We are particularly grateful to Ken Jones and the two anonymous reviewers for their thoughtful comments on the early drafts of this article.

Notes

1. This article is the outcome of the collaboration of the authors. However, in order to ascribe responsibility, we declare that the Introduction and the ‘Concluding remarks’ are co-authored, Giovanna Barzanò wrote the ‘The translation of a pilot policy to evaluate schools and teachers in Italy: a story-telling’, while Emiliano Grimaldi is the author of remaining paragraphs. An earlier version of this paper was presented at the British Educational Research Association Annual Conference, held in London in September 2011. The narrative in this paper reflects the atmosphere of the 2011 summer, when the Berlusconi government was in power and the pilot project described here, with its two actions, was in the middle of its development. Today, the political situation has shifted and a technical government is now in power. The ministry is not headed anymore by a politician with no experience in education (nor in other professional fields), rather an academic is in charge, a distinguished scholar in electronics and former university dean. In line with his very different predecessors in the last decade, he has declared his intention to proceed towards the introduction of system, teacher and headteacher evaluation with new proposals addressing schools. What we describe and discuss here is thus a slice of the ‘present’ which has quickly become history. New kinds of uncertainties are now arising, together with the forecast of new clashes …

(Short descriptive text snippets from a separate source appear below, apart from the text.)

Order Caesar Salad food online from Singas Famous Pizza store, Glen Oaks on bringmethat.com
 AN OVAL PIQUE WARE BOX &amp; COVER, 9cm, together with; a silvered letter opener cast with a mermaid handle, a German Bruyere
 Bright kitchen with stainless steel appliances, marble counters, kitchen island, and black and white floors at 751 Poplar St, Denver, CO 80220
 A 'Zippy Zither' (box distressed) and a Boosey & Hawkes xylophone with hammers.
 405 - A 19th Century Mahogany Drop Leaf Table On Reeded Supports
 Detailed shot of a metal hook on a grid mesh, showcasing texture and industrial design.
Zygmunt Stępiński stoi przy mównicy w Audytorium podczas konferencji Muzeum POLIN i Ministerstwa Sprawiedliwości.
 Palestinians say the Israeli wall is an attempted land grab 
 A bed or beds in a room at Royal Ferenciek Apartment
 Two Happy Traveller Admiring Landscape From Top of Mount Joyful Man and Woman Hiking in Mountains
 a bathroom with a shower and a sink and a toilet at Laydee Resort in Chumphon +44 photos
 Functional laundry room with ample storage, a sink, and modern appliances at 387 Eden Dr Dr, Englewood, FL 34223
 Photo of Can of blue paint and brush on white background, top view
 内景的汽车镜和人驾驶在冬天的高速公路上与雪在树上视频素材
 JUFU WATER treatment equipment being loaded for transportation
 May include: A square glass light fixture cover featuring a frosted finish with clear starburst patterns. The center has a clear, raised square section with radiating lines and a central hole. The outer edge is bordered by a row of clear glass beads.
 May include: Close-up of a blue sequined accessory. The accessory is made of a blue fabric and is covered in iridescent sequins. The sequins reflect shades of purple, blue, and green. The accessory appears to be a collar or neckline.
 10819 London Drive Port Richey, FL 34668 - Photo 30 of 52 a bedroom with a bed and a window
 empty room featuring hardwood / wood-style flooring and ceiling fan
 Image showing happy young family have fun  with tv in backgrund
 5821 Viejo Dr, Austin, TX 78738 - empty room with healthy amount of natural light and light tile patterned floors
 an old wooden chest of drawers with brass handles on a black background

2. The interview was published in the popular centre-left weekly magazine L’Espresso in October 2000 under the title: ‘the teachers’ rebellion: farewell to a cruel test’.

3. VSQ is expected to end in 2014.

4. The precariousness of a good number of teaching positions is a characteristic of the Italian education system. Despite the importance of teachers as a working force, several of them have to hold temporary jobs for years before being confirmed. They have, therefore, ‘a tortuous and fragmented career route’ (Jones et al. 2008, 169).

5. Until 1974, teachers were assessed by their headteacher every year and graded on the basis of a four level scale.

6. The battle is still ongoing. VSQ is widely acknowledged as the ‘successful forerunner’ of a new model of school evaluation (VALES) the current technical government wants to launch in 2013. Valorizza, after few months of apparent oblivion, has been only recently revitalised by its promoters, who benefited from the support of OECD-CERI. Overall, a wider consensus has emerged on their discursive underpinnings, thanks to the enacted celebratory framework.